Only one stretch of lines is wanted: the line with "Fiber optic led" through the final line of the material. Restate it word for word, minus pictures.

▶ SOURCE MATERIAL:
=== Section Start ===

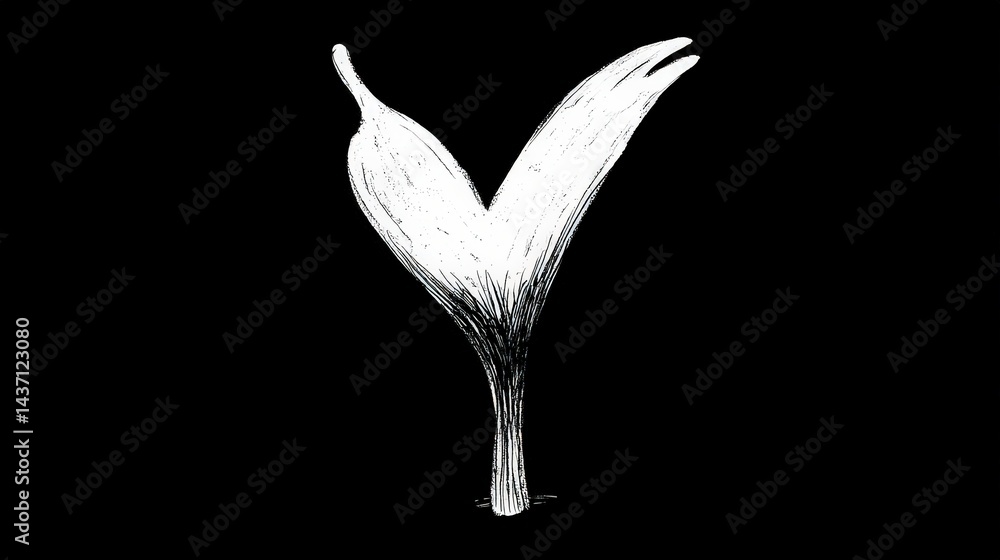 Poster abstract chalk checkmark icon hand drawn white black background simple design graphi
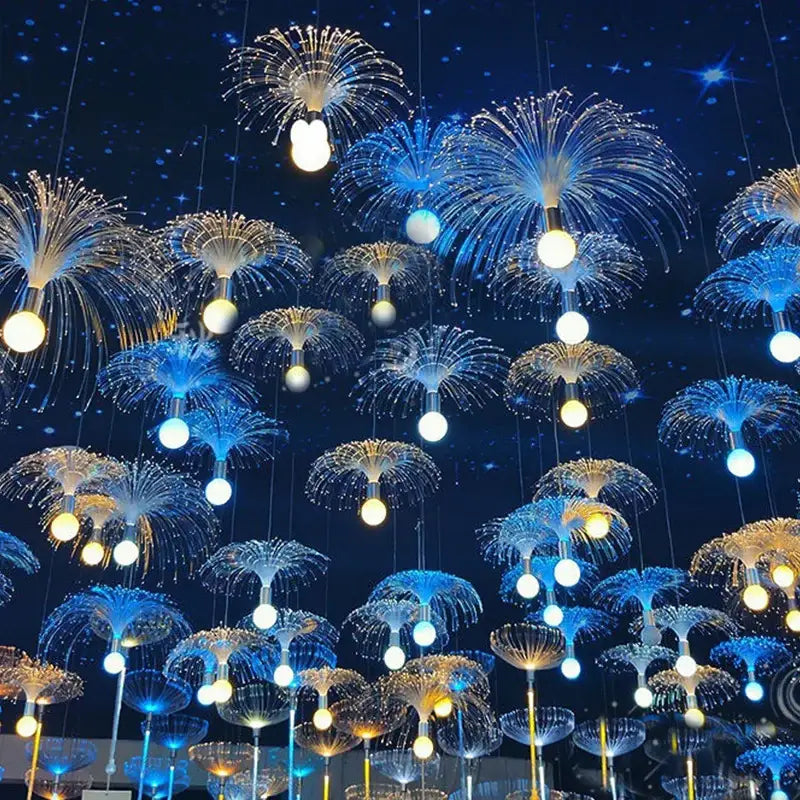Fiber optic led jellyfish lights blue yellow & white party decor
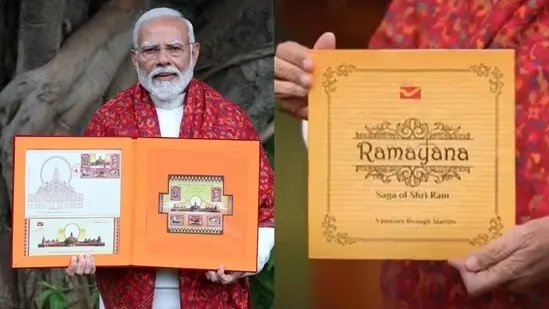 Postage Stamps on Shri Ram Janmbhoomi Mandir & a book of stamps issued on Bhagwan Ram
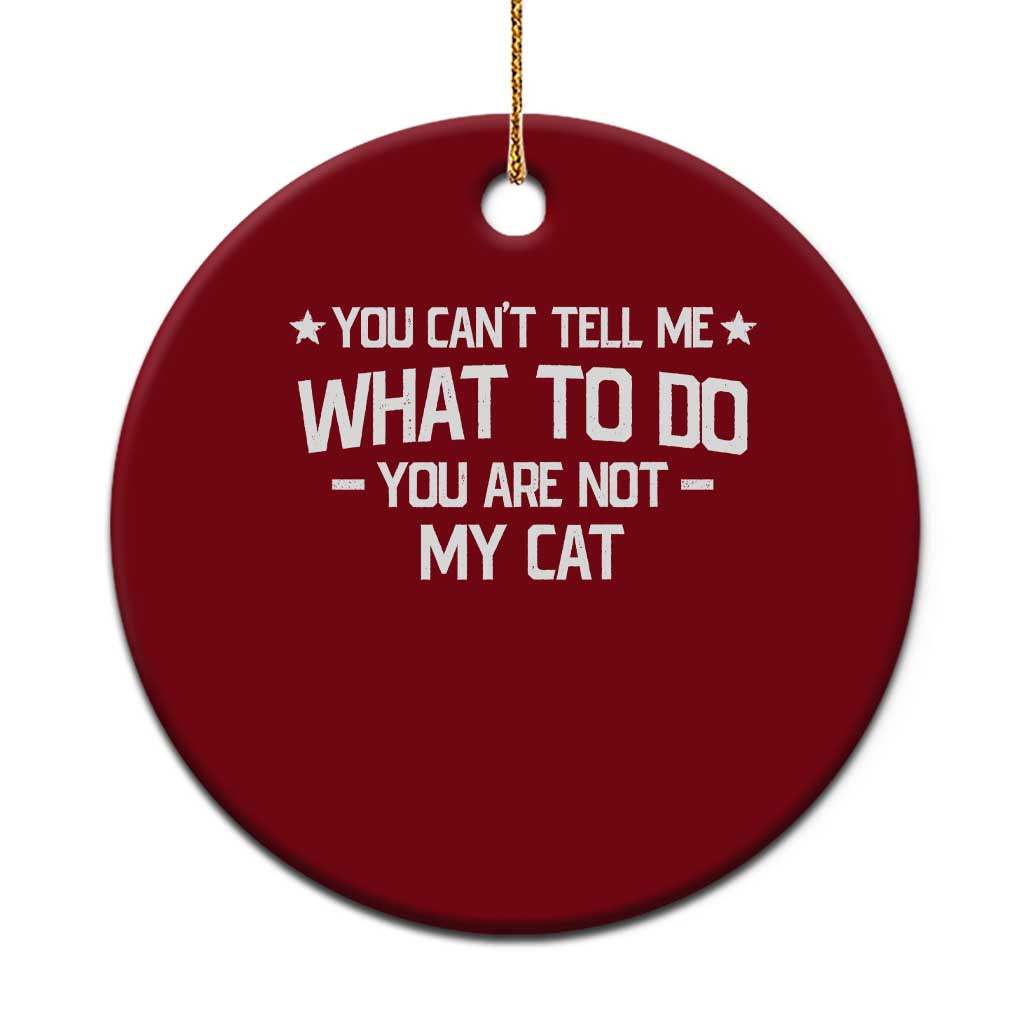 Funny Cat Lovers Ceramic Ornament You Cant Tell Me What To Do You Are Not My Cat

=== Section End ===

▶ RESPONSE BOX:
Fiber optic led jellyfish lights blue yellow & white party decor
 Postage Stamps on Shri Ram Janmbhoomi Mandir & a book of stamps issued on Bhagwan Ram
 Funny Cat Lovers Ceramic Ornament You Cant Tell Me What To Do You Are Not My Cat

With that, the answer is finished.